Caption-style text data.

━━━

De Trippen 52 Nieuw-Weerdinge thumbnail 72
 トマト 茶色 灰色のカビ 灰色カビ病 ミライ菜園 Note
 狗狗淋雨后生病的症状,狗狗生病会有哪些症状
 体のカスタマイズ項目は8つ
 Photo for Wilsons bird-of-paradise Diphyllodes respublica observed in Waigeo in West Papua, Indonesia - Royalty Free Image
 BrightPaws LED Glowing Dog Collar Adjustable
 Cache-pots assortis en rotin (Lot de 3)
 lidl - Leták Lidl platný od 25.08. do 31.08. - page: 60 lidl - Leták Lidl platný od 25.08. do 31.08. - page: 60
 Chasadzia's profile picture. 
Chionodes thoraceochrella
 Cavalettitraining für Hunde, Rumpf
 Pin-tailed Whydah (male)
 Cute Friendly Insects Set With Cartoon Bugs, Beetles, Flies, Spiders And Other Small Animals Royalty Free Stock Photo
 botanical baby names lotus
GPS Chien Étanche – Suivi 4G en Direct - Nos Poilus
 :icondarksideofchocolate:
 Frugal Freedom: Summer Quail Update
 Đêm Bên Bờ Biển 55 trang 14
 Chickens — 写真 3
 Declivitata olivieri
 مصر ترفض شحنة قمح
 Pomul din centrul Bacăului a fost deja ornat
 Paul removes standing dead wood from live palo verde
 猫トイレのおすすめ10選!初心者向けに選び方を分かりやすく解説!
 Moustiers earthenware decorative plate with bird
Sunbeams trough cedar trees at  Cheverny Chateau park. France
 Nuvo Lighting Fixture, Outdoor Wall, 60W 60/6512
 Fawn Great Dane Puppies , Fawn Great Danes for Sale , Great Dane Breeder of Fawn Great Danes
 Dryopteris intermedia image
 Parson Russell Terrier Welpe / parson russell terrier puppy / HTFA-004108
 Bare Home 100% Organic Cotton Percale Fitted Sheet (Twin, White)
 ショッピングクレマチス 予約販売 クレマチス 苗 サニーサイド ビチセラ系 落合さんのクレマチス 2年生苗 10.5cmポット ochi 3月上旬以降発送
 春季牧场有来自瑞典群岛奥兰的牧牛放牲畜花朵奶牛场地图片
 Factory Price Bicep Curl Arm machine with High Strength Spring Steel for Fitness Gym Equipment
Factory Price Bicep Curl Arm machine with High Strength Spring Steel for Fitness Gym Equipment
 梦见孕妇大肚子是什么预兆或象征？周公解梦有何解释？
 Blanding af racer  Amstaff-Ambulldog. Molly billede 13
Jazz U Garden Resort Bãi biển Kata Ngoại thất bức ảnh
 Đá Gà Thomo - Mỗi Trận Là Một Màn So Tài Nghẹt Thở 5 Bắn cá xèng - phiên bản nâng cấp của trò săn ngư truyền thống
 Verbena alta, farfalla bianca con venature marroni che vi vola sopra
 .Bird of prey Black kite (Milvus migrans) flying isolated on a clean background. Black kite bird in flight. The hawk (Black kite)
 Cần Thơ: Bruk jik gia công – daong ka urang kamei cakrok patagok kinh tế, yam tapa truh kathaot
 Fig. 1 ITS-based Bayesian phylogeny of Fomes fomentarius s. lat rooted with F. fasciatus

━━━

Task item.
Read the entries above, then pull out the lines that include "Bicep".

Exercise solution.
 Factory Price Bicep Curl Arm machine with High Strength Spring Steel for Fitness Gym Equipment
Factory Price Bicep Curl Arm machine with High Strength Spring Steel for Fitness Gym Equipment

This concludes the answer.